Juicy, butter roasted turkey.

Steaming mashed potatoes.

Tangy cranberry relish.

Delicious candied sweet potatoes.

Creamy green bean casserole.

Sweet and airy corn bread.

Silken pumpkin pie.

The traditional Thanksgiving menu has so many mouth-watering dishes on the table, you don’t know where to start.

If you savor statistics as much as food, you might feel similarly as you gaze at all of the delicious analyses on Minitab’s Regression menu:

How can you decide which regression analysis to choose? In this post, I’ll give you some bite-sized samples of each regression dish to help you decide which one to heap on your plate.

## Regression with a Categorical Response

Ever notice the horizontal divider lines on the Minitab menus? Those are not just to prevent our programmers from writing crooked. Think of them as the separators on a paper plate that keep your cranberry sauce from running into your mashed potatoes, so they don’t mix together and turn pink.

For example, the line at the bottom of the menu neatly separates all the regression analyses that have a categorical response variable.

To use one of these analyses, each response in your data must fall into a separate category. Choose between them based on what kind of categorical response you have. Here’s a concrete scenario:

**Binary Logistic Regression**: The response falls into one of two categories.

**Example:** You track whether each person took an antacid after Thanksgiving dinner or not (Yes or No)

The odds of a person taking an antacid increases, on average, 2.35 times with each helping of candied sweet potatoes.

__________________________________________________________

**Ordinal Logistic Regression**: The categories of your response can be ordered from least to greatest.

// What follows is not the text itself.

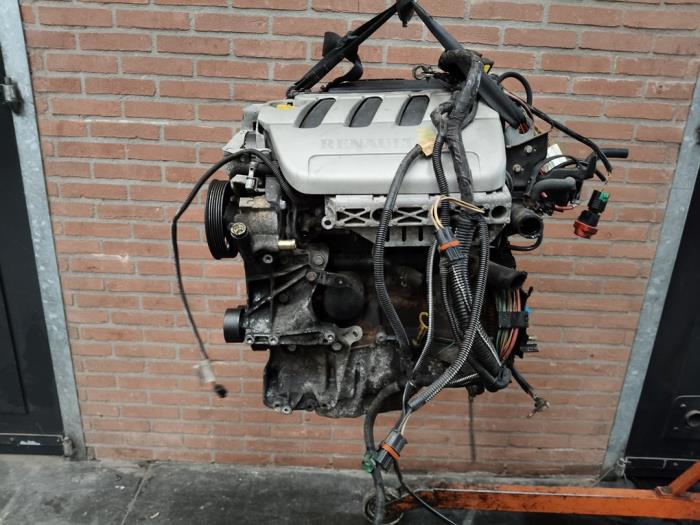 Usados Motor Renault Scénic I (JA) 1.6 16V Precio de solicitud ofrecido por Autodemontage Joko B.V.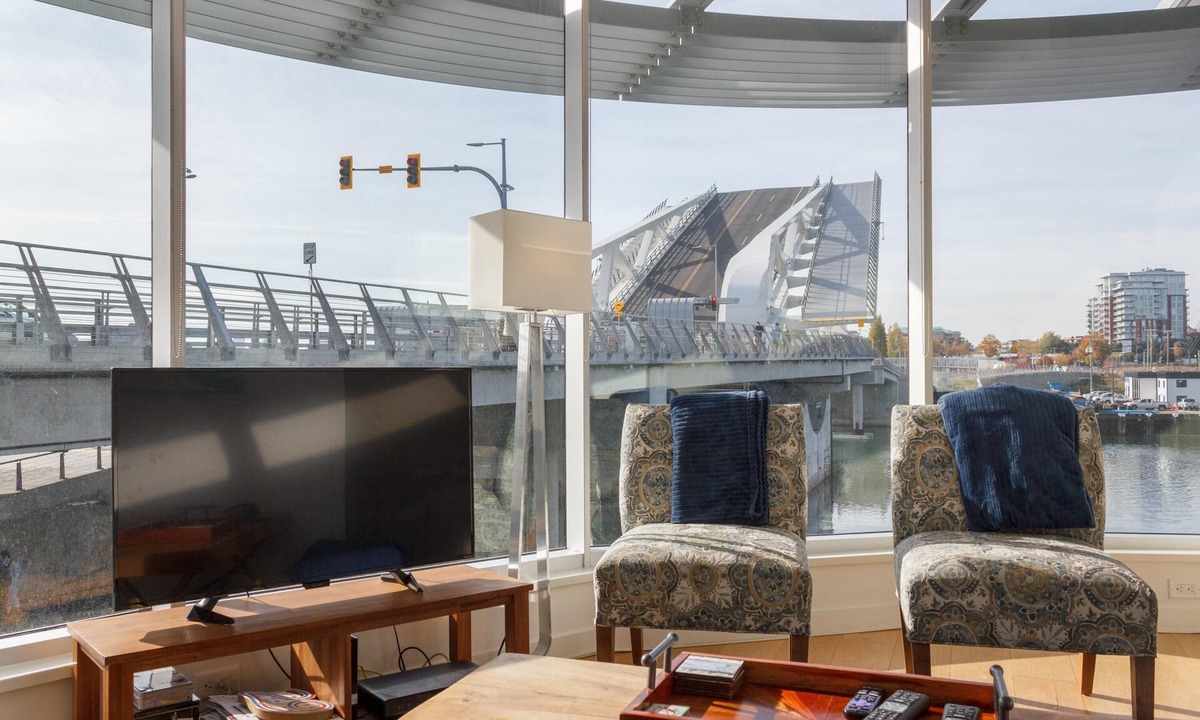 Downtown Victoria Condo | Enjoy the waterway action at your doorstep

**Example:** You record how many belt buckle notches each person expanded their belt after dinner (0-4 notches)

On average, each additional helping of mashed potatoes results in a 36% increase in the odds that you will expand your belt by another notch.

__________________________________________________________

**Nominal Logistic Regression**: The categories of your response do not follow an order.

**Example:** You ask each person which of these animals they most feel like after Thanksgiving dinner: A beached whale, a sea elephant, or an anaconda after swallowing a wild pig.

With each additional serving of turkey, people are 4.37 times more likely to feel like an anaconda after swallowing wild pig than a beached whale.

__________________________________________________________

## Regression with a Continuous Response

The line at the top of Minitab's Regression menu neatly separates regression analyses that use a continuous response variable.

To use one of these analyses, each response must be a measurement on a continuous scale, such as length, weight, or time.

__________________________________________________________

**Regression**: You have one or more continuous predictors, and a continuous response.

**Example:** You track how many minutes each person spends laying belly-up on the living room floor after Thanksgiving dinner.

Each additional helping of chestnut stuffing results in an increase of 4.28 minutes, on average, of laying belly-up on the living room floor after dinner (when the servings of all of the other dishes are held constant).

__________________________________________________________

**General Regression**: You have a mix of categorical and continuous predictors, and a continuous response.

**Example:** Besides the continuous predictors for the helpings of each dish, your model for belly-up time also includes a categorical predictor to indicate whether each person ate snacks before the Thanksgiving meal (Yes or No).

Eating snacks before the Thanksgiving meal increases the time spent bellyup on the floor by about 17 minutes, on average, when the helpings of all of the other dishes are held constant.

__________________________________________________________

**Stepwise Regression**: Minitab identifies a useful subset of predictors based on the statistical significance of the predictors (using stepwise, forward selection, or backward elimination)

**Example**: You want Minitab to tell you which dishes have a statistically significant effect on the number of minutes people spend belly-up on the floor after dinner.

Of the 7 dishes on the table, Minitab determines that chestnut stuffing and corn bread are the statistically significant predictors for evaluating time spent belly-up on the floor.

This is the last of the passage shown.